King County Transit Data Part One - GTFS Static Schedules
In Seattle Washington, we're blessed with great multimodal transit, as well apps and open data to help us get around as efficiently as possible.
Both static (schedule) data and realtime locations of transit vehicles (light right/bus /street car/etc) can be found in the OneBusAway app, which originally started in the Puget Sound Region.
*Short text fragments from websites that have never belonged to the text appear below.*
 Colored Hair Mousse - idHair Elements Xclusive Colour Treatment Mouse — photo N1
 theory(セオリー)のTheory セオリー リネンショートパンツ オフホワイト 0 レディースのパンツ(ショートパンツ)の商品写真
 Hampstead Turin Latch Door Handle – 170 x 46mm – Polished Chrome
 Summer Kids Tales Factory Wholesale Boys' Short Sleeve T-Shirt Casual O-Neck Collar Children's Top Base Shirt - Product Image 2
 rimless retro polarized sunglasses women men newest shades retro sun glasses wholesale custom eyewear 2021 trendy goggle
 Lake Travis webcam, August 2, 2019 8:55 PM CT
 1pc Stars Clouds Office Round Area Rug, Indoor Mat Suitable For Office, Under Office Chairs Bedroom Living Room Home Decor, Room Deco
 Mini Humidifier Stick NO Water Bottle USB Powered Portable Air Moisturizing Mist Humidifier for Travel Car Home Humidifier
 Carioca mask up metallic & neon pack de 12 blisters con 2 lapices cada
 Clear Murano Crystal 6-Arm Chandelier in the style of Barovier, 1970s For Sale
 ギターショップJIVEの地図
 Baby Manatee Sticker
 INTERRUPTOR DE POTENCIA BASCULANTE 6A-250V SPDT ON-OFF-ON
One of the powerful elements of the OBA app is that it ties together information for multiple regional transit agencies in a single interface.
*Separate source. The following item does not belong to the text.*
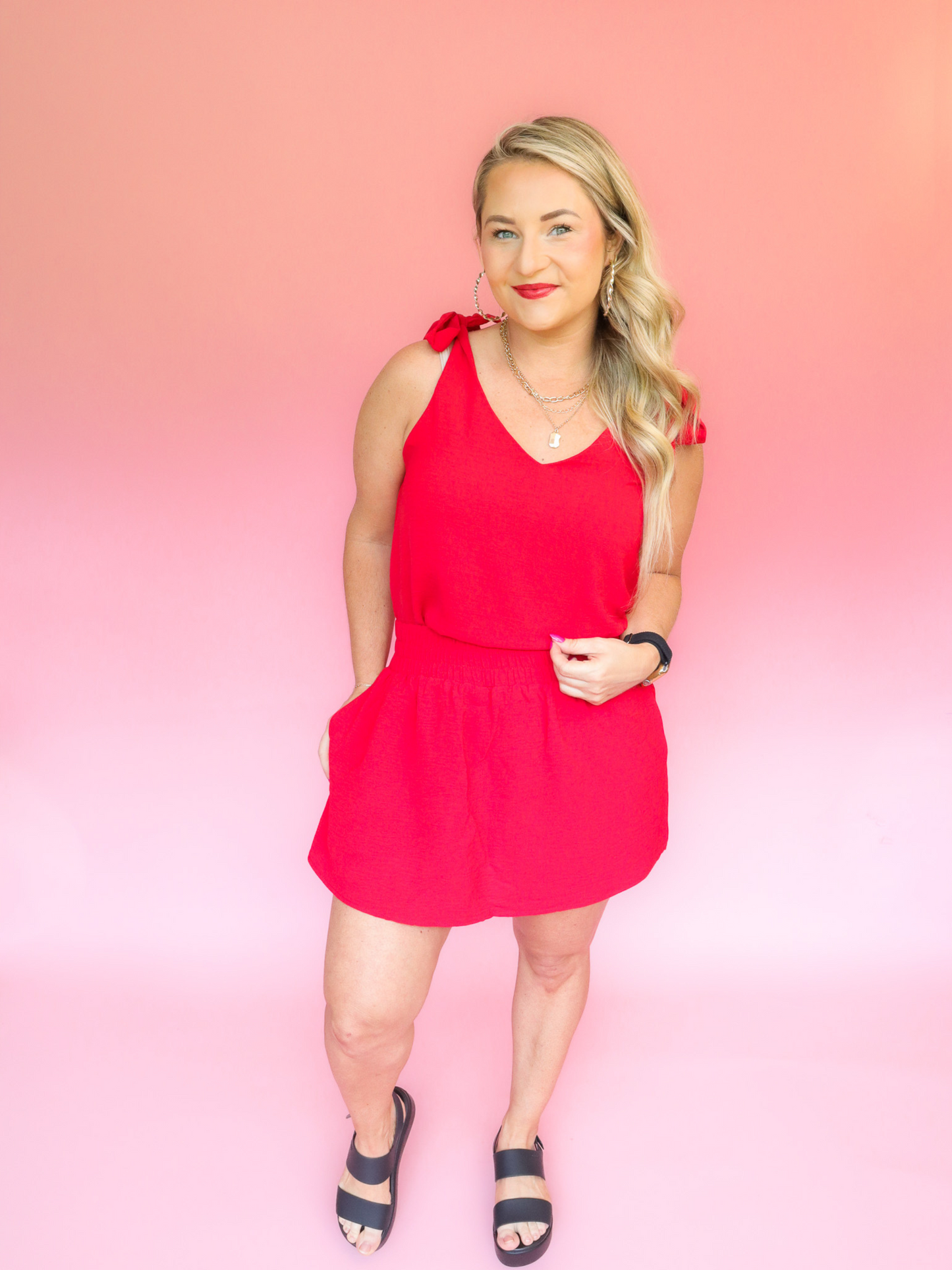 ON THE MOVE TIE SHOULDER STRAPS AIR FLOW TOP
This post will focus on the static schedule data, and later posts hopefully will cover my exploration on the realtime data offered up both by the OneBusAway API and some of the agency specific data hosts.
Static scheduling data that power OneBusAway are published by regional transit agencies in
the General Transit Feed Specification or GTFS
format, originally developed by
Google in 2006, with an interesting tie-in
to Portland's TriMet transit agency
Each Puget Sound regional transit agency's GTFS
schedules can be found at the following
page, as a formatted set of zipped text files conforming to the GTFS standard:
https://www.soundtransit.org/help-contacts/business-information/open-transit-data-otd/otd-downloads
Data Overview #
Let's take a look at the King County Metro GTFS Export to better understand what we're dealing with.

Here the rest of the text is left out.